___ Information shown

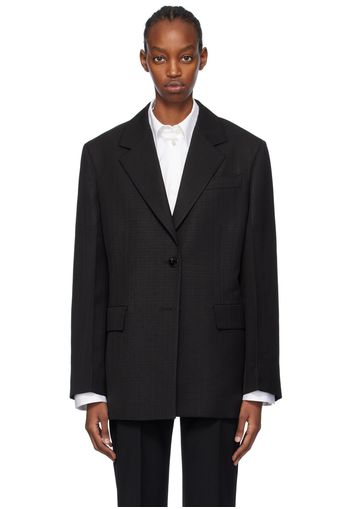 Jil Sander Black Tailored Blazer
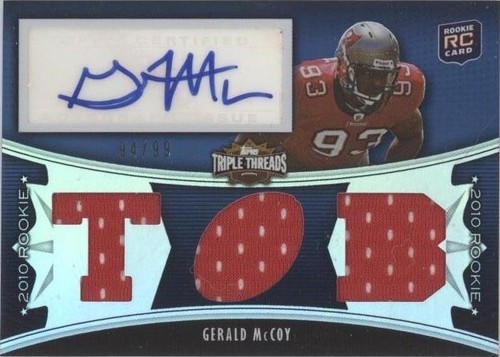 2010 Topps Triple Threads Gerald McCoy #129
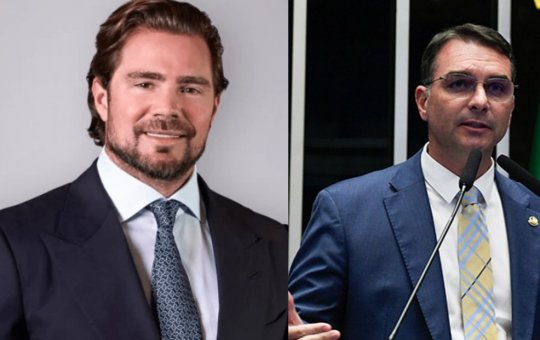 Áudio mostra Flávio Bolsonaro cobrando R$ 13,4 milhões de Vorcaro por filme sobre Jair Bolsonaro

______

→ Work instructions
Return each line above word for word. Skip the pictures.

→ Answer to the problem
 Jil Sander Black Tailored Blazer
 2010 Topps Triple Threads Gerald McCoy #129
 Áudio mostra Flávio Bolsonaro cobrando R$ 13,4 milhões de Vorcaro por filme sobre Jair Bolsonaro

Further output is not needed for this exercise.